まずは「製品等の新規性要件」における変更です。事業再構築指針では、新分野展開、業種転換、事業転換、業態転換(製造業の場合、もしくは非製造業でも設備撤去等を伴わない場合)は、新製品・新商品・新サービスを提供しないといけません。「新製品・新商品・新サービスとは何か」を定めたものが「製品等の新規性要件」です。

ここでは旧指針(1.0版)で「事業を行う中小企業等と競合する事業者の大多数が製造又は提供する製品又は商品若しくはサービスを新たに製造又は提供する場合」が削除され、代わりに「事業者の事業実態に照らして容易に製造又は提供が可能な新製品又は新商品若しくは新サービスを製造又は提供する場合」が追加されました。

「事業者の事業実態に照らして容易に製造又は提供が可能な新製品又は新商品若しくは新サービスを製造又は提供する場合」とは

新しく追加された要件「事業者の事業実態に照らして容易に製造又は提供が可能な新製品又は新商品若しくは新サービスを製造又は提供する場合」から見てみましょう。

指針の手引きでは、この要件についての説明があまりありません。指針の手引P6の④その他の場合で、例が一つ挙げられているだけです。その例も「自動車部品を製造している事業者が、新たに製造が容易なロボット部品を製造する場合」というものであり、あまり具体的なイメージがわきません。何をもって「容易」と言うのかが不明確です。

そもそも「事業者の事業実態に照らして」という修飾文もいまひとつピンときません。
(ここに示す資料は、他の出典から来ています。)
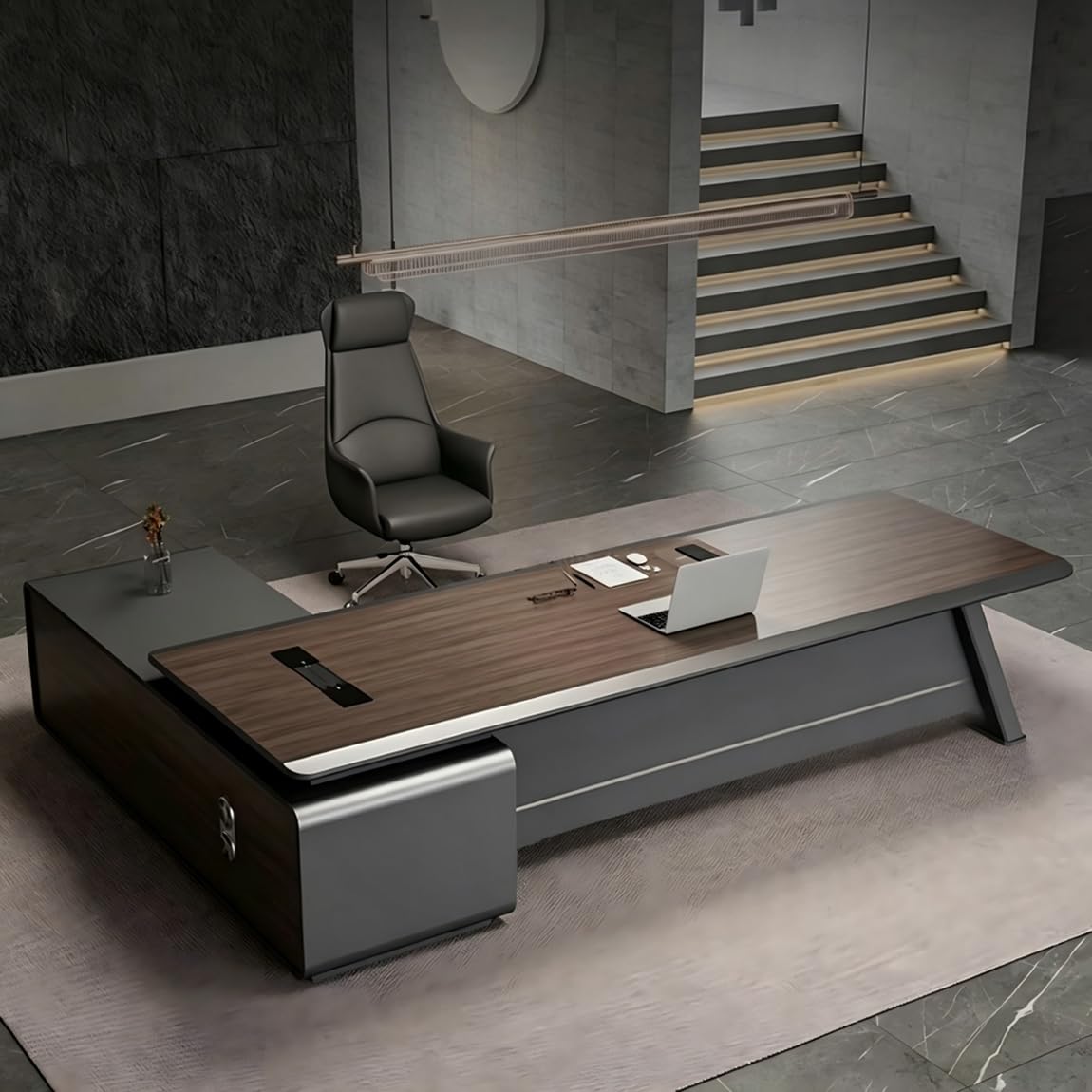 DUWEIKE L-Shaped Executive Desk, Large Home Office Desks with Storage Cabinet, Modern Wood Writing Computer Desk for Work Study,2.0m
大規模会社にとっては容易であっても、小さい会社にとっては容易でないというようなこともあるでしょうから(例えば大規模のコンサル会社にとっては有名一部上場企業にコンサルすることは容易ですが、当社のような一人零細企業にとっては有名一部上場企業向けのコンサルメニューを新サービスとして提供することは容易ではありません)、そうした規模の違いや商圏の違い、立地の違いなどの個々の実態に応じた「容易さ」を考慮しろと言っているのかもしれません。

「容易」とは「競合他社の多くが作っているもの」ではないかという推測

「容易」というキーワードを理解する上でヒントになりそうなことの一つが、なぜもう一つの要件「事業を行う中小企業等と競合する事業者の大多数が~」が削除になったのか、ということでしょう。旧指針の手引1.0版の「事業を行う中小企業等と競合する事業者の大多数が~」の要件解説部分には次のような説明があります。

ここにはハッキリと「競合他社の多くが既に製造等している製品等を、新たに製造等することは容易であると考えられるため」とあります。この要件がなくなり、新たに「事業者の事業実態に照らして容易に製造~」という要件ができたことから推察をすると、この2つの要件は実質的に同じことを言おうとしているのではないかと考えられます。同じどころか、新しい要件のほうが適用範囲が広い(競合が作っていなくても容易にできそうなものも含む)ので、これは実質的に要件が厳しくなったとみることもできます。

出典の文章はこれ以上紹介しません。